The number of subjects per variable required in linear regression analyses

I would like to discuss this work, wherein Austin and Steyerberg aim to estimate the number of samples required to adequately estimate a regression coefficient.

Their first approach to doing this is to take a dataset, fit an OLS full model to it, take subsets of increasing size from this full data, estimate outcomes for the reduced subsets using the coefficients of the full model, then estimate the coefficients of the reduced subset models and compared with the full model.

But, it seems to me noteworthy here that the performance of the full models was very low. From the dataset, they used two variables as outcome variables (systolic blood pressure and heart rate at discharge) and the R-squared were 0.24 and 0.10.

They proceed to show that coefficients could be reasonably estimated with only 2 samples/coefficient. I would think, though, that this finding rather supports that the coefficients of a poor model can be estimated with only 2 samples per coefficient. That is to say, if the coefficients of the full model are hardly useful in predicting the outcome, then maybe smaller subsamples are required to reconstruct them. Maybe this is totally incorrect of me, and thus I welcome discussion.

Admittedly, they do proceed to show similar findings in subsequent simulations, but I understand that simulation results should always come with the disclaimer that the findings of the experiment are confined to the conditions of the simulation generation process.

This is no critcism to the authors, I just hope to gain a deeper understanding about their methodology and findings.
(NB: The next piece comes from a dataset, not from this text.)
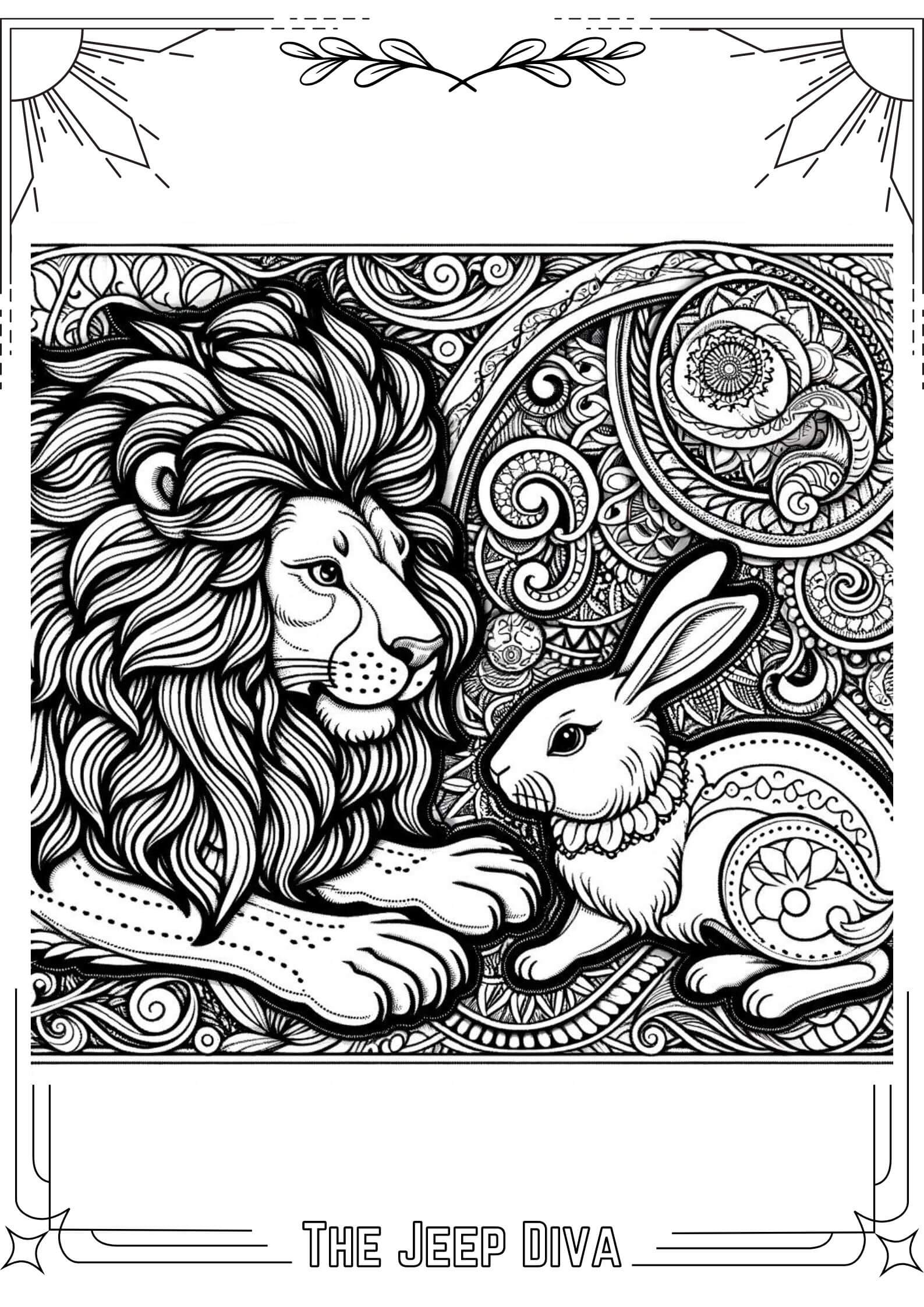 The Jeep Diva Coloring Page Lion Hard Difficulty 21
The number of samples requried to estimate a regression coefficient is a very relevant question in the current high-dimensional data environment and the results concluded by the authors appear much lower than other results I’ve came across, hence the curiosity!

1 Like

I hope that @Ewout_Steyerberg @ESteyerberg can respond.

Your starting point is problematic because R^2 does not inform you of bad performance without taking into account the difficulty of the task. R^2=0.1 may be as good as anyone could get for the dataset. The question, I think, needs to be framed in terms of not losing much from whatever an “optimum” R^2 is for the problem at hand.

I hope so too, thanks Professor Harrell.

I guess I’m exposing my ignorance here then because I’d say in most situations that I am familiar with an R-squared of 0.1 would be rather disappointing (and I’d say this applies to the case in the paper). I understand test statistics are often problem-specific but I would have thought R-squared to be relatively immune to this. Could you give me an example in which R-squared = 0.1 might be considered a win?

Example: The difficult task of predicting the number of days until an individual dies. Expect the R^2 to be low. That doesn’t mean it’s not the best model for the task.